Exercise requirements: Repeat the lines of the data that follow, please, starting at the first and stopping after the one with "Sensitive Trockenfutter mit".

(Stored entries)
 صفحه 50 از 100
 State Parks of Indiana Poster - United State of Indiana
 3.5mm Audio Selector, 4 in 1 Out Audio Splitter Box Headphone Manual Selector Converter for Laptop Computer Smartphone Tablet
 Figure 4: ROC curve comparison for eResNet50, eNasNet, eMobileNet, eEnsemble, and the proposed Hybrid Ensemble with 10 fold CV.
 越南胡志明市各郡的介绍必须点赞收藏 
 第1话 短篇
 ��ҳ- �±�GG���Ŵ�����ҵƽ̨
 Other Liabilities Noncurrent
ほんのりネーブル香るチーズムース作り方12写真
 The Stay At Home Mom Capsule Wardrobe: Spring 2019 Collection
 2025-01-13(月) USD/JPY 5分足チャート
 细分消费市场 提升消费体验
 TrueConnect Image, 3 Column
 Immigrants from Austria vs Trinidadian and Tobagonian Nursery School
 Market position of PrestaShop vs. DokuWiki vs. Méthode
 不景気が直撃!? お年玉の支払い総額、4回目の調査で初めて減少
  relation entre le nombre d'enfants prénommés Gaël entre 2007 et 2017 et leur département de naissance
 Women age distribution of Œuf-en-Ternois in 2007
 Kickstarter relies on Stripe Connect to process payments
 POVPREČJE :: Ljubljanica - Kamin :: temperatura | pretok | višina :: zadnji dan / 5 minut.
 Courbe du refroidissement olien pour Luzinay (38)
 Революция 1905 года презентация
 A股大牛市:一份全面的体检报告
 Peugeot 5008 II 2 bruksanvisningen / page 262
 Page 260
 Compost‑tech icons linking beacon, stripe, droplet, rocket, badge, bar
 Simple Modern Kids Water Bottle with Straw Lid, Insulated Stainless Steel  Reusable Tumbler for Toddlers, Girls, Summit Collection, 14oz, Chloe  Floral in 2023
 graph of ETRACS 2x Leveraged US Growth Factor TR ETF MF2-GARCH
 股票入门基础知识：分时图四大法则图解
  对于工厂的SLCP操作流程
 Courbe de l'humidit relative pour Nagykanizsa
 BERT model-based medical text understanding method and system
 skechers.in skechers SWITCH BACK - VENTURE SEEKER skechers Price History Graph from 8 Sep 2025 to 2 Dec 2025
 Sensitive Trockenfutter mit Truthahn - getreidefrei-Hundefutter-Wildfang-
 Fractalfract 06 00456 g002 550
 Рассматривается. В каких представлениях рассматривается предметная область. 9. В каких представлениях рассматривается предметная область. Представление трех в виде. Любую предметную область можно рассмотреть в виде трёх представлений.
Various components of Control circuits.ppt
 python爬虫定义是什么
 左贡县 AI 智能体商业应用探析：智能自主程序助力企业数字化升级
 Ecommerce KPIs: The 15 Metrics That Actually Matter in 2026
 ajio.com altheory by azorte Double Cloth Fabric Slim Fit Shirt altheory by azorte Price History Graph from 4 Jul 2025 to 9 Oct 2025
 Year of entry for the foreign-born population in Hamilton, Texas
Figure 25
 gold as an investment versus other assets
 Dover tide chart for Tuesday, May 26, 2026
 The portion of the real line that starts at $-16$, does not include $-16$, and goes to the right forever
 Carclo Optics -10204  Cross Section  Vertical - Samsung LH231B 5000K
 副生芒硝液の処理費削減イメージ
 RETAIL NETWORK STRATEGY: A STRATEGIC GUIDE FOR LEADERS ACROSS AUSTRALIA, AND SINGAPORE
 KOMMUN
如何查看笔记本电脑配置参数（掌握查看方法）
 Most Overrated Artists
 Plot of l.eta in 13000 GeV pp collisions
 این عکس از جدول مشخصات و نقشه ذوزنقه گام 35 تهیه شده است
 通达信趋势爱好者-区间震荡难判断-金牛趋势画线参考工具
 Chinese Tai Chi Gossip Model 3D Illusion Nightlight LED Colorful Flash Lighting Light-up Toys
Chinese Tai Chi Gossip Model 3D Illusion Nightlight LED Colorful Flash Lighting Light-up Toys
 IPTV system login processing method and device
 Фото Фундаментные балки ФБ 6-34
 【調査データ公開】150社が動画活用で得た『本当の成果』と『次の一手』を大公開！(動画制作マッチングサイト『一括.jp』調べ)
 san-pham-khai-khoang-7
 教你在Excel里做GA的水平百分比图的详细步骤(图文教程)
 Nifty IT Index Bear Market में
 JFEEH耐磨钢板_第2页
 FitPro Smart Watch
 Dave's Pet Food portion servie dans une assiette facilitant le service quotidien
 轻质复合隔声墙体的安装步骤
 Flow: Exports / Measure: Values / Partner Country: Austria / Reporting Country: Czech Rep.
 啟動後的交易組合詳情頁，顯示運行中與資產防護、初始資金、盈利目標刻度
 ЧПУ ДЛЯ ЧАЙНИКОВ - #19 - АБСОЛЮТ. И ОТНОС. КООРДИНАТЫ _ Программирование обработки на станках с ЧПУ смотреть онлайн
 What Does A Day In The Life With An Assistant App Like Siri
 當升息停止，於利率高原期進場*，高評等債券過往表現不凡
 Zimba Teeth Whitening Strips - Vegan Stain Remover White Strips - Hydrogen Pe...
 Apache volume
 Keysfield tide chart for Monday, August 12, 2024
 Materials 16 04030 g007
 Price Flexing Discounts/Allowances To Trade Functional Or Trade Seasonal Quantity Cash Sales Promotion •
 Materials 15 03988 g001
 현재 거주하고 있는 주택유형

Answer section:
 صفحه 50 از 100
 State Parks of Indiana Poster - United State of Indiana
 3.5mm Audio Selector, 4 in 1 Out Audio Splitter Box Headphone Manual Selector Converter for Laptop Computer Smartphone Tablet
 Figure 4: ROC curve comparison for eResNet50, eNasNet, eMobileNet, eEnsemble, and the proposed Hybrid Ensemble with 10 fold CV.
 越南胡志明市各郡的介绍必须点赞收藏 
 第1话 短篇
 ��ҳ- �±�GG���Ŵ�����ҵƽ̨
 Other Liabilities Noncurrent
ほんのりネーブル香るチーズムース作り方12写真
 The Stay At Home Mom Capsule Wardrobe: Spring 2019 Collection
 2025-01-13(月) USD/JPY 5分足チャート
 细分消费市场 提升消费体验
 TrueConnect Image, 3 Column
 Immigrants from Austria vs Trinidadian and Tobagonian Nursery School
 Market position of PrestaShop vs. DokuWiki vs. Méthode
 不景気が直撃!? お年玉の支払い総額、4回目の調査で初めて減少
  relation entre le nombre d'enfants prénommés Gaël entre 2007 et 2017 et leur département de naissance
 Women age distribution of Œuf-en-Ternois in 2007
 Kickstarter relies on Stripe Connect to process payments
 POVPREČJE :: Ljubljanica - Kamin :: temperatura | pretok | višina :: zadnji dan / 5 minut.
 Courbe du refroidissement olien pour Luzinay (38)
 Революция 1905 года презентация
 A股大牛市:一份全面的体检报告
 Peugeot 5008 II 2 bruksanvisningen / page 262
 Page 260
 Compost‑tech icons linking beacon, stripe, droplet, rocket, badge, bar
 Simple Modern Kids Water Bottle with Straw Lid, Insulated Stainless Steel  Reusable Tumbler for Toddlers, Girls, Summit Collection, 14oz, Chloe  Floral in 2023
 graph of ETRACS 2x Leveraged US Growth Factor TR ETF MF2-GARCH
 股票入门基础知识：分时图四大法则图解
  对于工厂的SLCP操作流程
 Courbe de l'humidit relative pour Nagykanizsa
 BERT model-based medical text understanding method and system
 skechers.in skechers SWITCH BACK - VENTURE SEEKER skechers Price History Graph from 8 Sep 2025 to 2 Dec 2025
 Sensitive Trockenfutter mit Truthahn - getreidefrei-Hundefutter-Wildfang-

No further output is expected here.